Georgie Barber on how a Land Use Framework can secure a more resilient future for us all.
20th August 2024
The new government has a very full in-tray: inflation and high cost of living, a complex healthcare crisis, housing shortages and more. All of these are urgent problems – essential to tackle, and quickly. They’re still dwarfed by the creeping enormity of the climate and nature crises. “The economy is a wholly-owned subsidiary of the environment.” Nature is on the brink of collapse. The world is already 1.2 degrees over pre-industrial temperatures, and climate impacts are accelerating. We need to act to both mitigate our environmental impacts, and to adapt to those impacts.
Resilience is the ability to adapt to, or recover quickly from, change or adversity – and in a world where climate impacts are certain and geopolitical shocks likely, change and adversity are inevitable. Colleagues have written before about the importance of food resilience over food security – and the same is true for energy, water, housing and other aspects essential for thriving communities. Food security and energy security are often discussed, but this tends to be in terms of ‘snapping back’ after a shock, rather than creating a flexible, adaptable system that can anticipate and withstand shocks. The ‘security’ lens also tends to calcify existing patterns, ignoring the failings of that system, their power dynamics and who they serve.
Taking an explicitly resilience-focused approach to land is the new imperative.

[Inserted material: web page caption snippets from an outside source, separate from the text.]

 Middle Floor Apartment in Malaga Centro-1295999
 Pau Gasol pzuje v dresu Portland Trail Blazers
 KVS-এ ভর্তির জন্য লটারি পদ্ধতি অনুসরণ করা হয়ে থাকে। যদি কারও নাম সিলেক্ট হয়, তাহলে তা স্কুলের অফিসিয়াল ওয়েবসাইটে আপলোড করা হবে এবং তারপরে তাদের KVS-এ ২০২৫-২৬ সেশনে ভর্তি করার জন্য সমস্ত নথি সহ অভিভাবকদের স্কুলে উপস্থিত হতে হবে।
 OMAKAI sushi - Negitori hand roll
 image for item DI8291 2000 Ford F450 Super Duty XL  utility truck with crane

Land is the essential, foundational ingredient for solutions to the problems we face: we need land to produce food and energy, to build homes and ensure our water supply. Land is unusual in being both a source and sink of carbon emissions, as well as implicit in every other planetary boundary. How we use land is not only essential to mitigating our environmental impacts, but also how we can adapt to a new climate and nature reality.
But land is already ‘oversubscribed’ - existing government targets require additional land mass twice the size of Wales by 2050. This is why creating targets in the abstract and siloed by sector is unhelpful, because it avoids acknowledging the trade-offs and synergies required when space is finite. How do we make the most of land in the UK to ensure that we can meet our future food, housing, energy and infrastructure needs?

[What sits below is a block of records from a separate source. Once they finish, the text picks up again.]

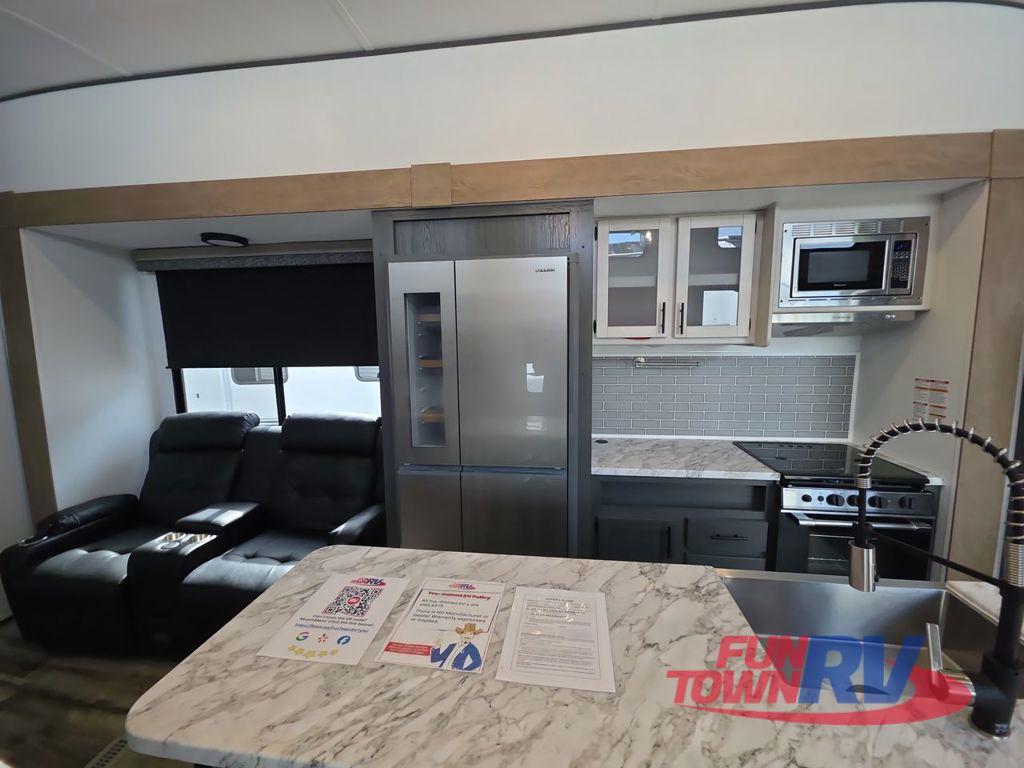 2024 Dutchmen Rv Aspen Trail 421LOFT in mineola TX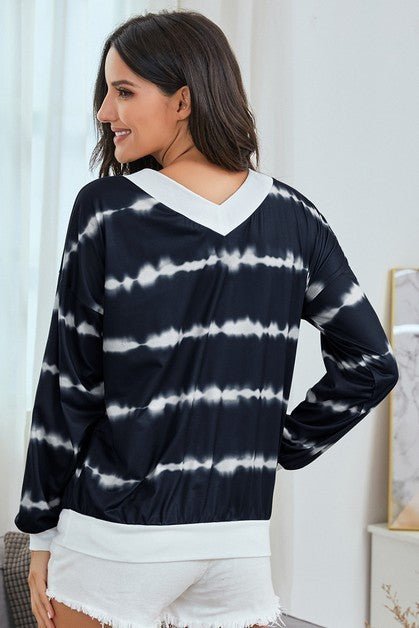 V Neck Striped Long Sleeve Top - Sleekdenim.com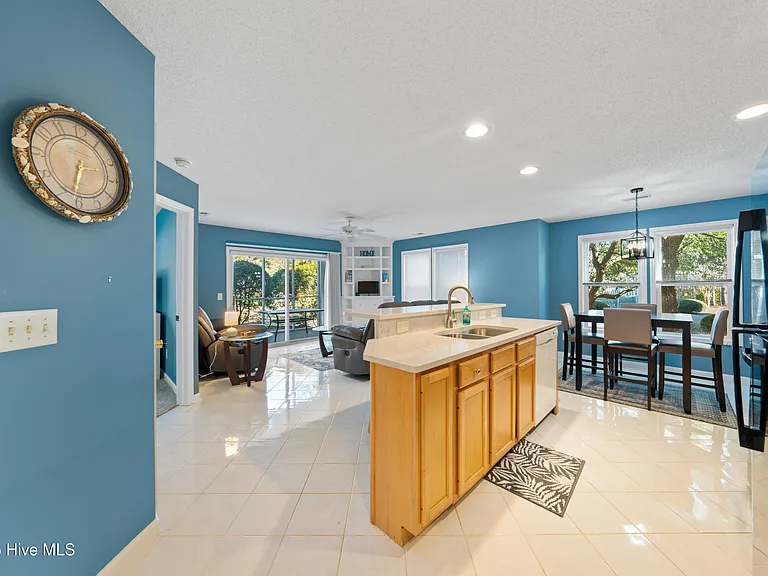 3350 Club Villas Dr #1302 — Photo 10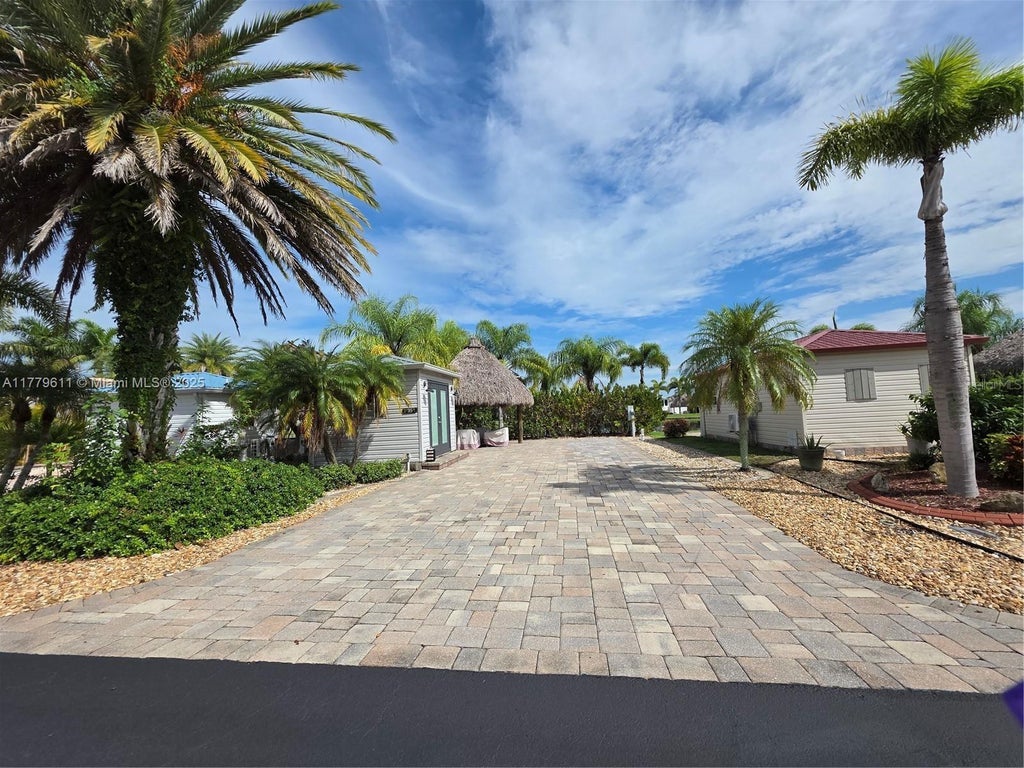 601 Sw 42nd Cove #35, Okeechobee
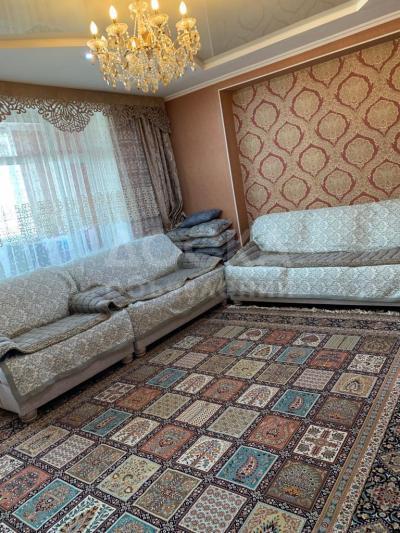 Продаю 2-комнатную квартиру, 118кв. м., этаж - 4/9, Ахунбаева/Бакаева..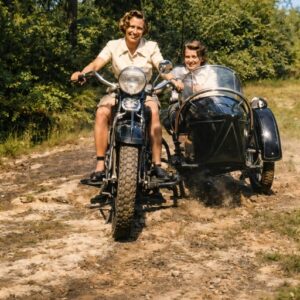 MLADÉ SLEČNY NA SAJDKÁŘE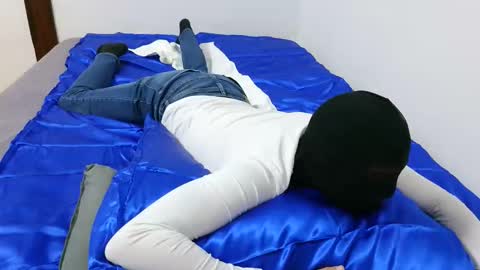 Snapshot of spyboyxx25 chatting on 11/09/25, 05:44 boyxxx25 online show from 11/09/25, 05:44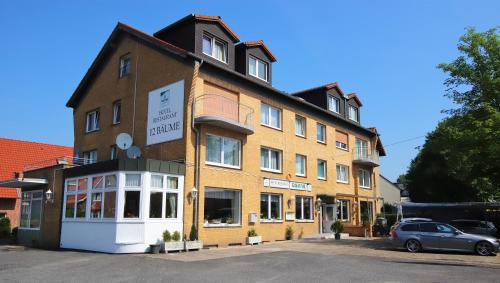 Hotel 12 BÄume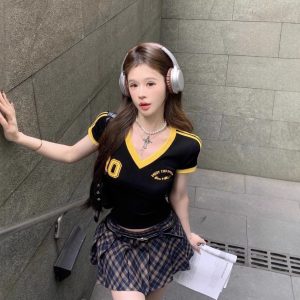 Retro-style V-neck Contrast-color Straight-shoulder Short Sleeves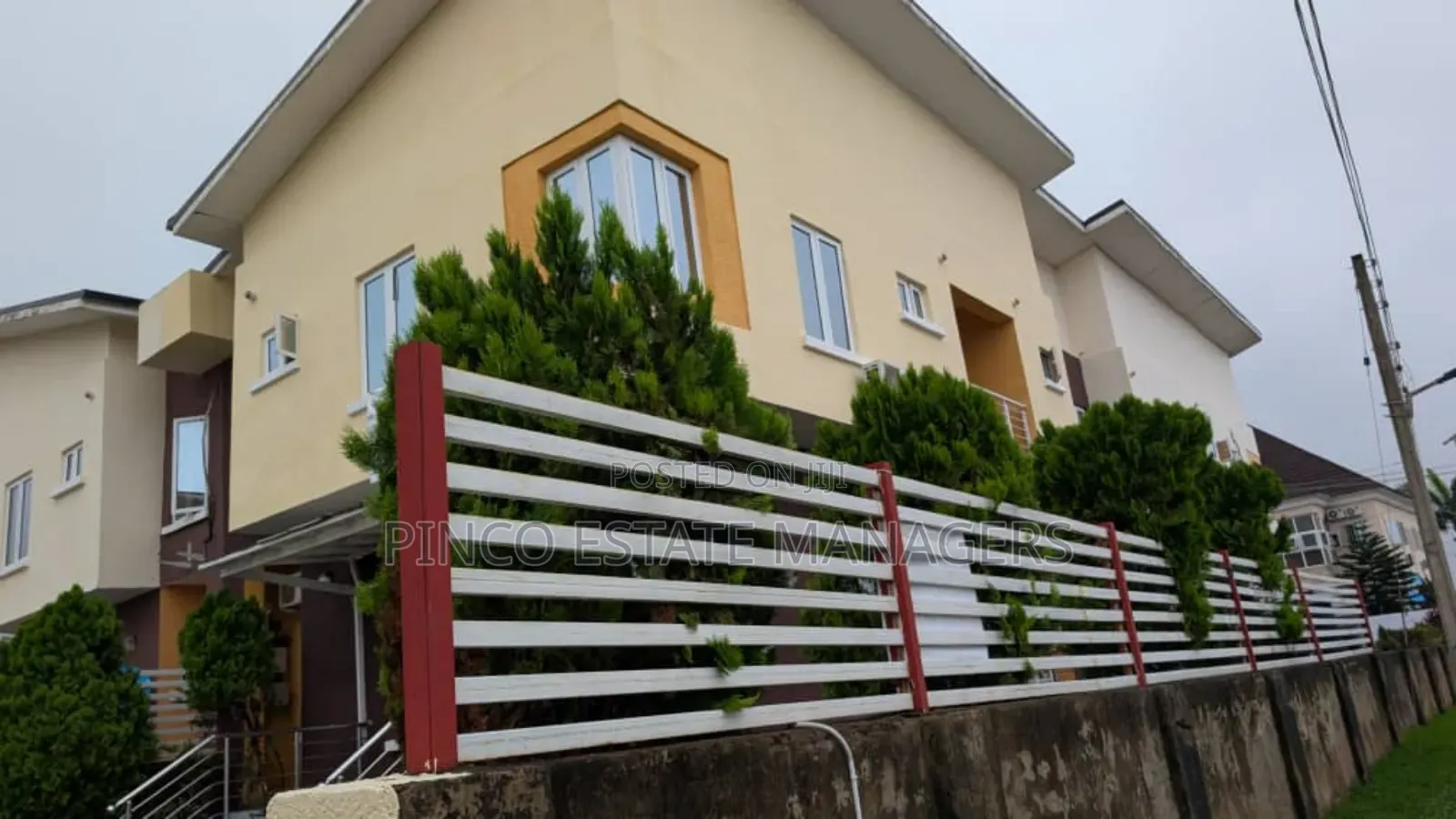 4bdrm Apartment in Paradise Estate, Life Camp for sale in Life Camp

The answer is a Land Use Framework – one that embeds resilience into national and local decision making. We need an honest conversation about land use in the UK to be able to meet all our current and future needs – and a process to do so in a way that can withstand shocks like climate impacts and geopolitical disputes.
What would an effective Land Use Framework need? Multifunctionality is a critical component: since land can (and does) do many things at once, it is the best way to maximise the potential of land and cumulatively meet many targets. Putting solar panels on roofs, or adopting farming methods that produce food and sequester carbon and increase biodiversity helps minimise trade-offs and maximise outputs.

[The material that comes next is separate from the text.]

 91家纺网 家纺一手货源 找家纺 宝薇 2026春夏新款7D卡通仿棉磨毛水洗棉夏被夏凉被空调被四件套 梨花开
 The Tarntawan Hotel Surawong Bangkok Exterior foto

Multifunctionality also supports greater resilience. An essential part of resilience is diversity: for example, genetic diversity in crops increases resilience to pests and disease. The same is true in economics: farmers with diversified income streams are more resilient to market crashes. A landscape with greater diversity of land use – different types of farms, forests, waterways, towns, energy production – is more resilient to shocks. This is especially true if land use decisions are made with a resilience frame, considering what local communities need and what future risks are.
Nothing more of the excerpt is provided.